- **TASK**: Pictures are to be left out; otherwise, copy exactly the lines from the line containing "2017 HYUNDAI ELANTRA" through the end of the data.

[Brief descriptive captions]
'''

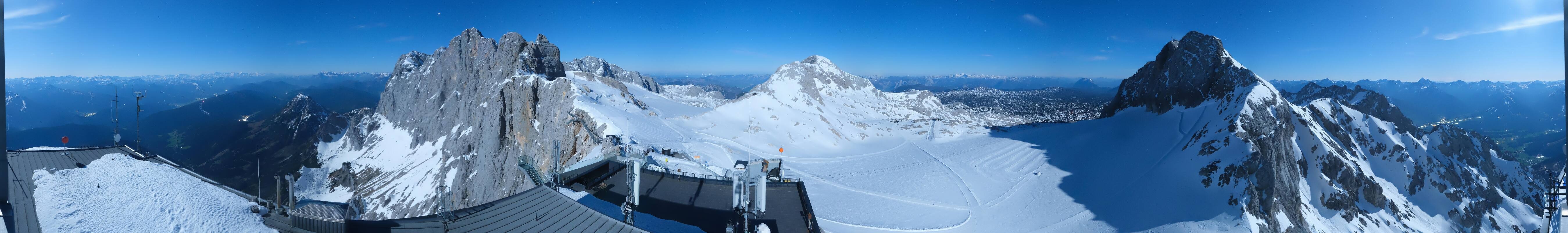Archived image Panoramic webcam view at the Dachstein Glacier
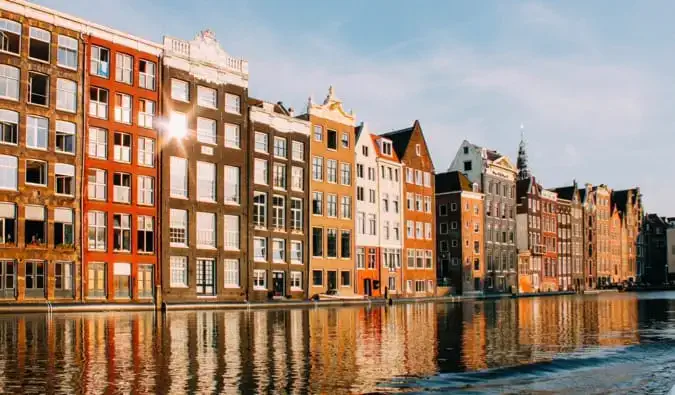 Amsterdam'ın dar kanal boyunca sıralanan tarihi binaları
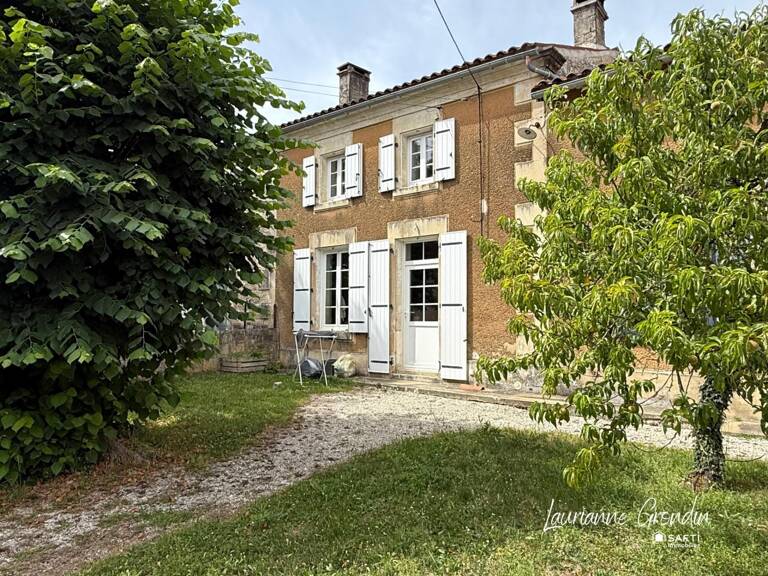 Maison Charentaise rénovée de 250 m² - AULNAY — photo 1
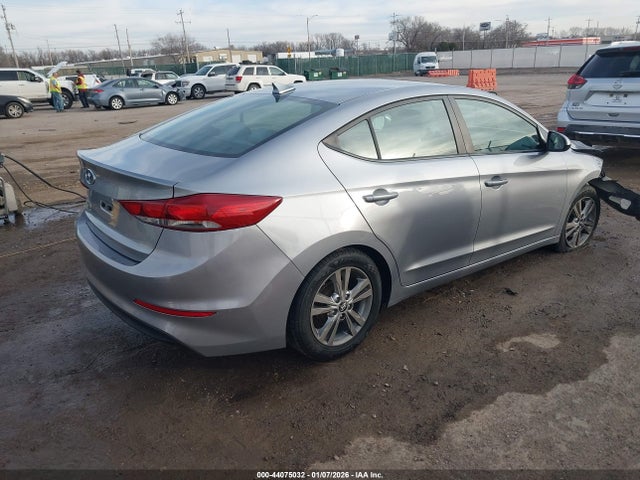2017 HYUNDAI ELANTRA 5NPD84LF4HH025595 Photo 3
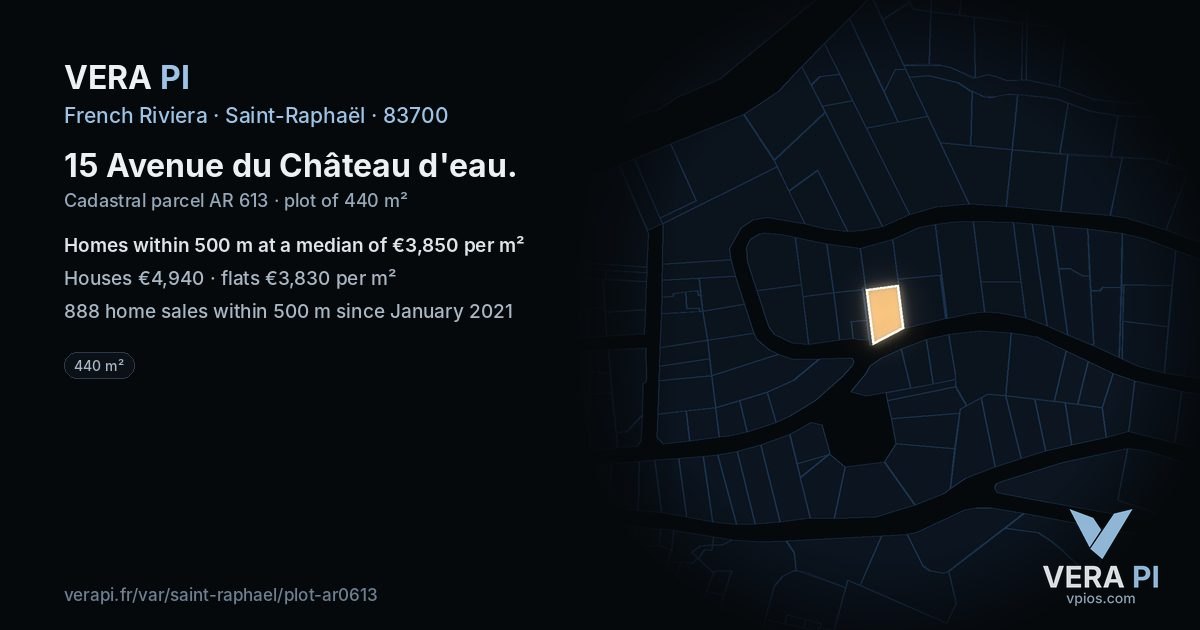 15 Avenue du Château d'eau, Saint-Raphaël at night – the plot lit, the parcels around coloured by the prices near them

'''

- **SOLUTION**:
2017 HYUNDAI ELANTRA 5NPD84LF4HH025595 Photo 3
 15 Avenue du Château d'eau, Saint-Raphaël at night – the plot lit, the parcels around coloured by the prices near them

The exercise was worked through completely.